Wenn eine sofortige Zahlung der Steuerschuld Ihre wirtschaftliche Existenz gefährden würde, kann beim Finanzamt eine Stundung beantragt werden (§ 222 AO). Voraussetzung ist, dass der Anspruch durch spätere Zahlung nicht gefährdet wird. In der Regel wird bei einer Stundung ein Zins von 0,5 % pro Monat fällig. Eine Ratenzahlung ist meist nur möglich, wenn sie realistisch planbar ist – sie muss rechtzeitig und schriftlich beantragt werden.

Erlass von Steuerschulden

In besonderen Härtefällen kann ein Erlass der Steuerschuld nach § 227 AO erfolgen, etwa wenn die Einziehung der Forderung unbillig wäre. Dies gilt beispielsweise, wenn Ihre wirtschaftliche Existenz dauerhaft bedroht ist und selbst eine Ratenzahlung nicht zumutbar erscheint. Ein Erlass ist jedoch eine Ermessensentscheidung der Finanzbehörde und wird nur selten gewährt.

Verjährung von Steuerschulden

Steuerschulden verjähren grundsätzlich nach fünf Jahren (§ 228 AO). Diese Frist beginnt mit Ablauf des Kalenderjahres, in dem die Steuer fällig wurde. Allerdings kann jede Maßnahme des Finanzamts zur Durchsetzung der Forderung (z. B. Mahnung, Pfändung) die Verjährungsfrist unterbrechen – die Frist beginnt dann von vorn.
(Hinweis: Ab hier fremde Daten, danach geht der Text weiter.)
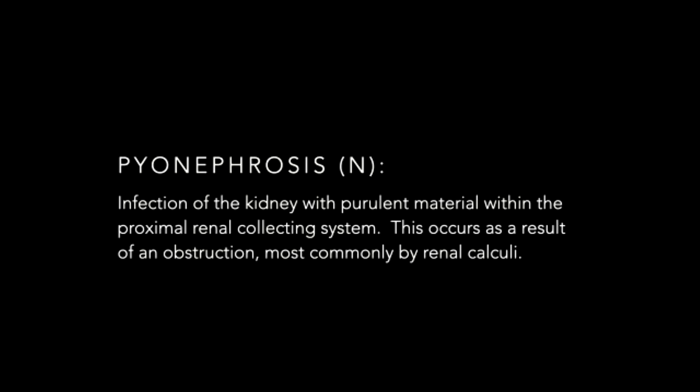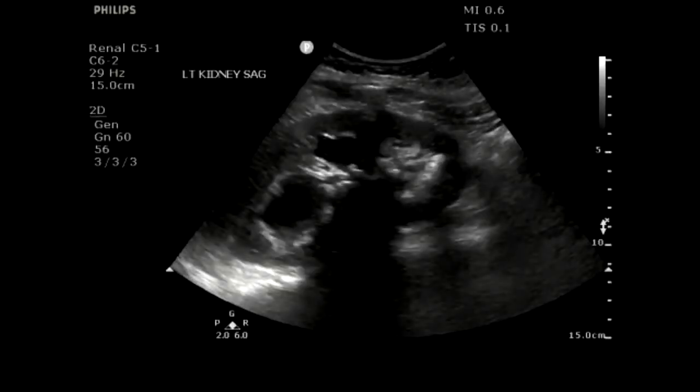Pyonephrosis is basically an infection of the kidney with purulent material within the proximal renal collecting system, occurring generally as a result of obstruction — generally by renal calculi. Untreated, it has high morbidity and mortality, and can lead to fulminant bacteremia, shock, and sepsis in a large number of patients. It's thought to be one of the causes — or at least a need-to-rule-out cause — in patients with urosepsis. It's generally treated by drainage: you get a percutaneous nephrostomy tube to get that pus out, because pus under pressure is a double whammy for badness. Without getting that pus out, the patient's not going to get better despite antibiotics. You have to drain the collecting system, get them on antibiotics, and get the urologist in to help.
Drittschuldner- und Kontopfändung

Das Finanzamt kann Dritte anweisen, Zahlungen an Sie direkt an das Finanzamt zu leisten – etwa bei einer Steuererstattung durch ein anderes Finanzamt oder einem Auftraggeber. Außerdem sind Pfändungen von Konten und Arbeitseinkommen ohne richterlichen Beschluss möglich. Dies betrifft auch Selbstständige, die beispielsweise auf Einnahmen von Kunden oder Geschäftspartnern angewiesen sind.

Härtefallregelungen

Auch bei organisatorischen oder technischen Problemen, etwa bei Problemen mit dem Elster-Zugang, kann ein Antrag auf Fristverlängerung oder Aussetzung gestellt werden (§ 150 AO). Solche Fälle werden als Härtefall geprüft – ein frühzeitiger Kontakt mit dem Finanzamt erhöht die Chancen auf Kulanz.